【因幡の白兎(いなばのしろうさぎ)】とは?神話のあらすじと教訓をわかりやすく解説します!

神話エピソード

日本神話の中でも、子どもから大人まで広く親しまれている物語が「因幡の白兎(いなばのしろうさぎ)」です。舞台は神話の国・出雲。主人公は後に「だいこくさま」として信仰される大国主大神(おおくにぬしのおおかみ)です。この記事では、因幡の白兎のあらすじや物語の背景、そして神話が伝える大切なメッセージについて解説します。

因幡の白兎のあらすじ

八上比売をめぐる兄弟神の旅

昔、出雲の国にだいこくさま(大国主大神)という心優しい神様がいました。だいこくさまにはたくさんの兄弟神がいましたが、兄弟たちは因幡の国に住む美しい八上比売(やかみひめ)に求婚しようと旅に出ます。だいこくさまは兄弟たちの荷物を背負わされ、まるで家来のように一番後ろを歩くことになりました。

皮をはがれたうさぎとの出会い

因幡の国の気多の岬にさしかかったとき、兄弟神たちは体の皮をはがされ、泣いている一匹のうさぎを見つけます。しかし兄弟たちは、うさぎを助けるどころか意地悪をします。「海水を浴びて風に当たるとよい」と嘘を教えたのです。うさぎは言われた通りにしましたが、傷口はさらに悪化し強い痛みに苦しむことになりました。

うさぎが皮をはがされた理由

やがて後からやってきただいこくさまが、泣いているうさぎに事情をたずねます。

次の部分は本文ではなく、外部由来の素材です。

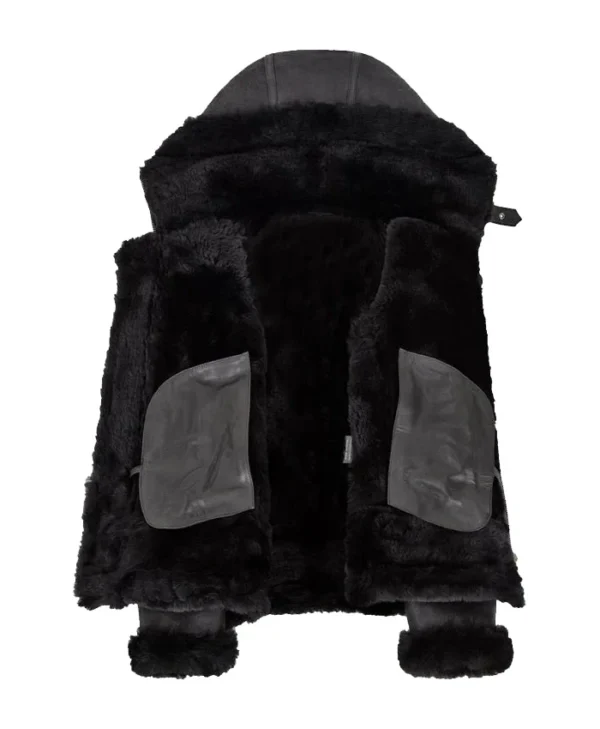Womens Black Shearling Hooded Aviator Bomber Jacket Inner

うさぎは、もともと隠岐の島に住んでおり、因幡の国へ渡りたいと考えていました。そこでワニ(神話ではサメを指すともいわれます)をだまして背中を並べさせ、その上を渡ろうとしました。しかし最後に油断してだましたことを明かしてしまい、怒ったワニたちに皮をはがされてしまったのです。

だいこくさまのやさしさ

事情を聞いただいこくさまは、うさぎにこう教えました。「すぐに真水で体を洗い、蒲(がま)の花の上に寝転びなさい。」うさぎはその通りにすると、みるみるうちに傷が癒え、元の白く美しい姿に戻りました。心優しいだいこくさまの行いに感謝したうさぎは、八上比売が選ぶのは兄弟ではなく、だいこくさまであると予言します。その言葉どおり、八上比売が求めたのはだいこくさまだったのです。

因幡の白兎が伝える教訓

思いやりの心の大切さ

この物語は、「意地悪」と「思いやり」の対比が印象的です。兄弟神はうさぎをだまし、だいこくさまは真心で救いました。その違いが、最終的な結果を大きく分けることになります。

誠実さが良縁を結ぶ

だいこくさまは、のちに縁結びの神様として広く信仰されます。因幡の白兎の物語は、思いやりや誠実さこそが良いご縁を結ぶという象徴的なエピソードでもあります。

出雲神話と大国主大神

出雲は「八雲立つ出雲」と称される神話の国です。その中心が、大国主大神をお祀りする出雲大社です。大国主大神は“だいこくさま”として全国で親しまれ、国づくりの神、そして縁結びの神として信仰されています。因幡の白兎の物語は、その優しさと御神徳を象徴する代表的な神話として知られています。